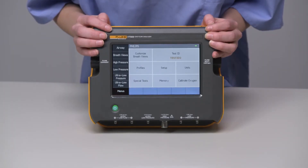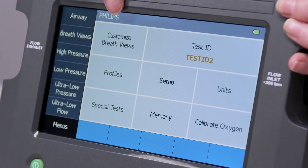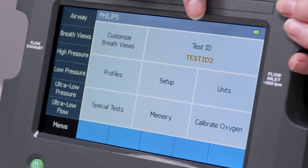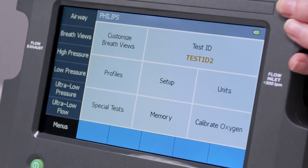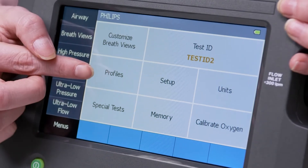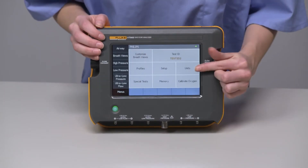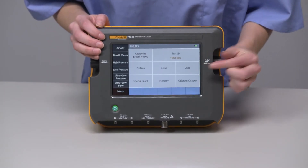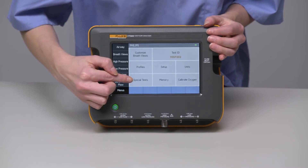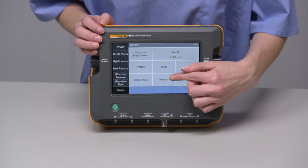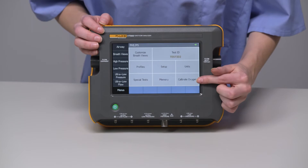Here is where you set up your device for testing and configure your testing preferences. On the Menus screen, you'll find the Customization of Breath Views option, your test IDs, your saved profiles, device setup, change units of measurement, perform special tests, see saved data, and calibrate the oxygen sensor.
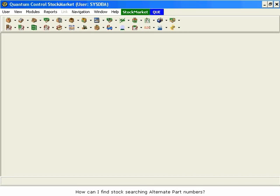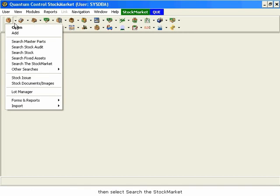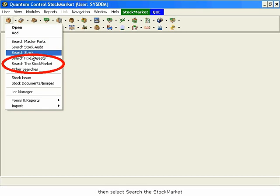How can I find stock searching alternate part numbers? To find stock by an alternate part number, select the drop-down list from Inventory Control, then select Search the Stock Market.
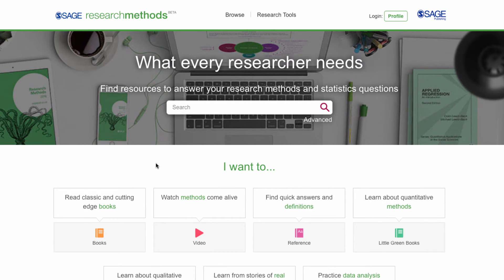Welcome to Sage Research Methods, the Ultimate Methods Library. Here you will find books, reference works, videos, case studies, and datasets to help you with every step of your research project, no matter how experienced you are with research.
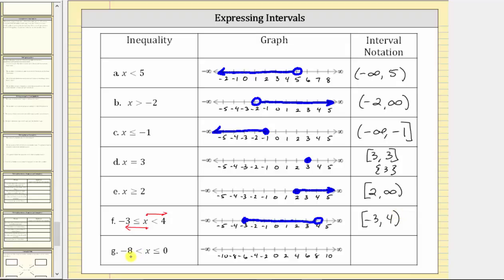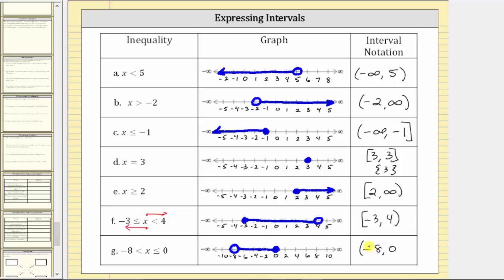For G, we can read this as negative eight less than x less than or equal to zero, or as x is greater than negative eight and x is less than or equal to zero. The interval does not include negative eight, so we graph an open point on negative eight. Zero is in the interval, so we graph a closed point on zero and graph all values between negative eight and zero. In interval notation, the interval is between negative eight and zero. Negative eight is not included so we use a rounded parenthesis to the left, and zero is included so we use a square bracket to the right. If an endpoint is included, use a square bracket; if it's not included or is plus or minus infinity, always use a rounded parenthesis.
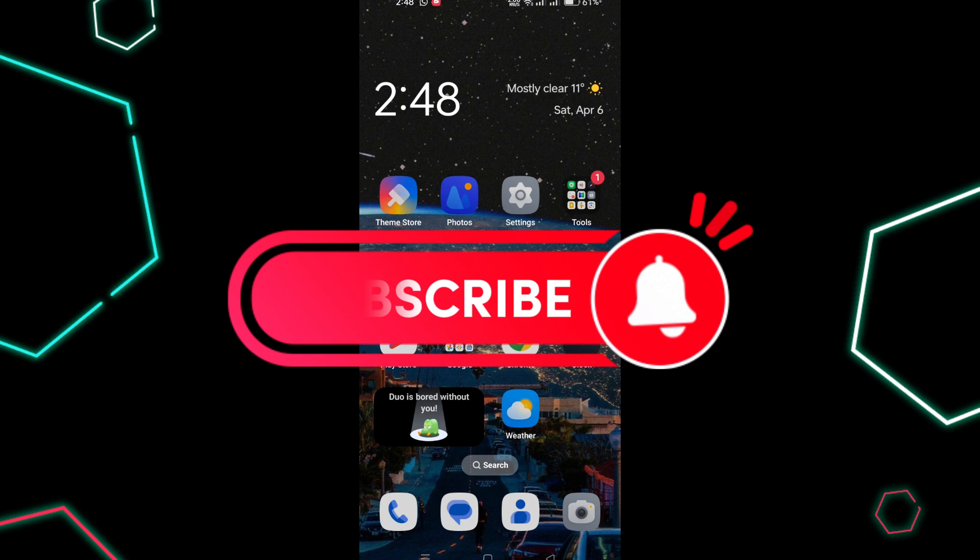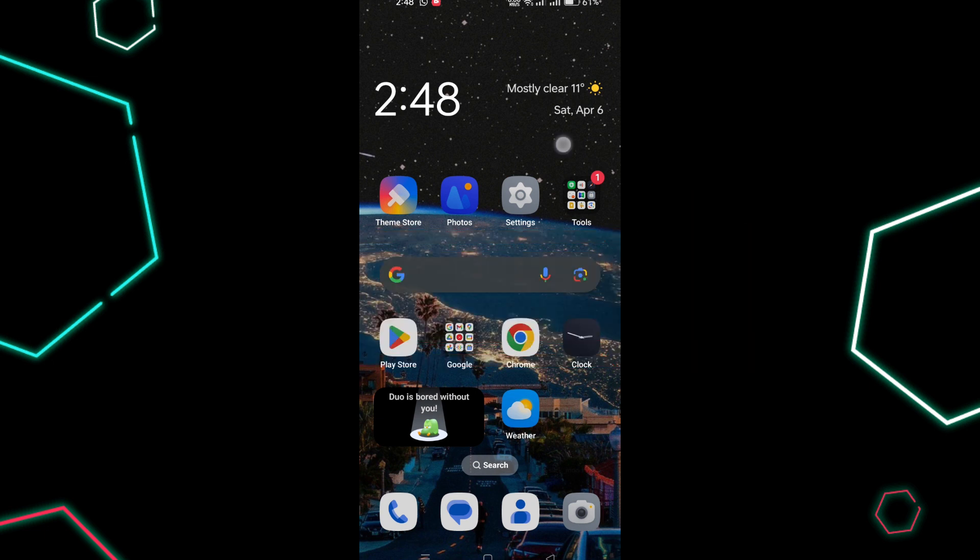And that's it guys, thank you for watching and please don't forget to like and subscribe for more.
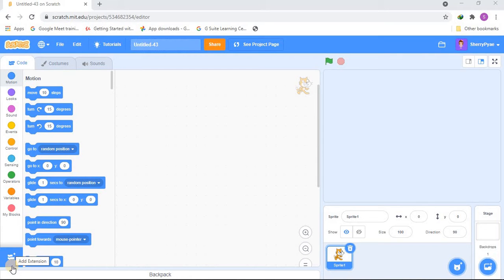Hi guys, welcome back to Learn to Code! Today's video is about how to make music in the Scratch online editor. Before we get started, if you haven't subscribed to the Learn to Code channel, go subscribe and hit that subscribe button, like button, and notification button so when I post a new video you will never miss it. I post videos every Monday and Thursday.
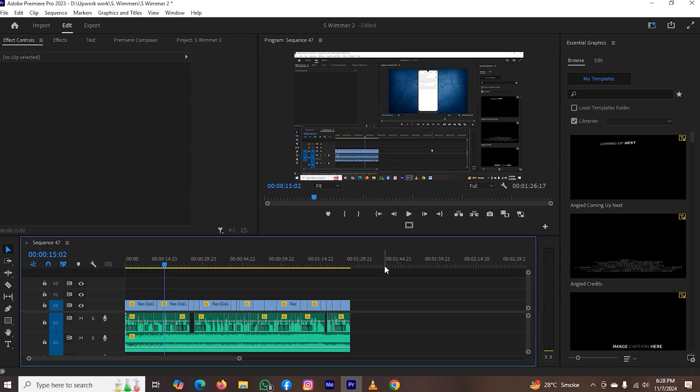Hi guys, today I will explain how to see project history in Adobe Premiere Pro. This process will be simple and easy.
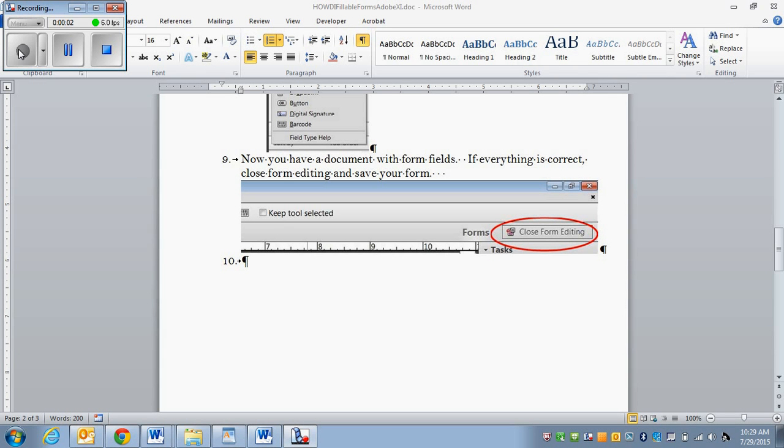Hi, in this video we're going to learn how to use and make fillable forms in Adobe 9.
◇ ◇ ◇ ◇
WHAT TO WORK ON. Your answer is all of the records restated word for word, pictures excluded.

PROBLEM SOLUTION.
Here is where you set up your device for testing and configure your testing preferences. On the Menus screen, you'll find the Customization of Breath Views option, your test IDs, your saved profiles, device setup, change units of measurement, perform special tests, see saved data, and calibrate the oxygen sensor.
How can I find stock searching alternate part numbers? To find stock by an alternate part number, select the drop-down list from Inventory Control, then select Search the Stock Market.
Welcome to Sage Research Methods, the Ultimate Methods Library. Here you will find books, reference works, videos, case studies, and datasets to help you with every step of your research project, no matter how experienced you are with research.
For G, we can read this as negative eight less than x less than or equal to zero, or as x is greater than negative eight and x is less than or equal to zero. The interval does not include negative eight, so we graph an open point on negative eight. Zero is in the interval, so we graph a closed point on zero and graph all values between negative eight and zero. In interval notation, the interval is between negative eight and zero. Negative eight is not included so we use a rounded parenthesis to the left, and zero is included so we use a square bracket to the right. If an endpoint is included, use a square bracket; if it's not included or is plus or minus infinity, always use a rounded parenthesis.
And that's it guys, thank you for watching and please don't forget to like and subscribe for more.
Hi guys, welcome back to Learn to Code! Today's video is about how to make music in the Scratch online editor. Before we get started, if you haven't subscribed to the Learn to Code channel, go subscribe and hit that subscribe button, like button, and notification button so when I post a new video you will never miss it. I post videos every Monday and Thursday.
Hi guys, today I will explain how to see project history in Adobe Premiere Pro. This process will be simple and easy.
Hi, in this video we're going to learn how to use and make fillable forms in Adobe 9.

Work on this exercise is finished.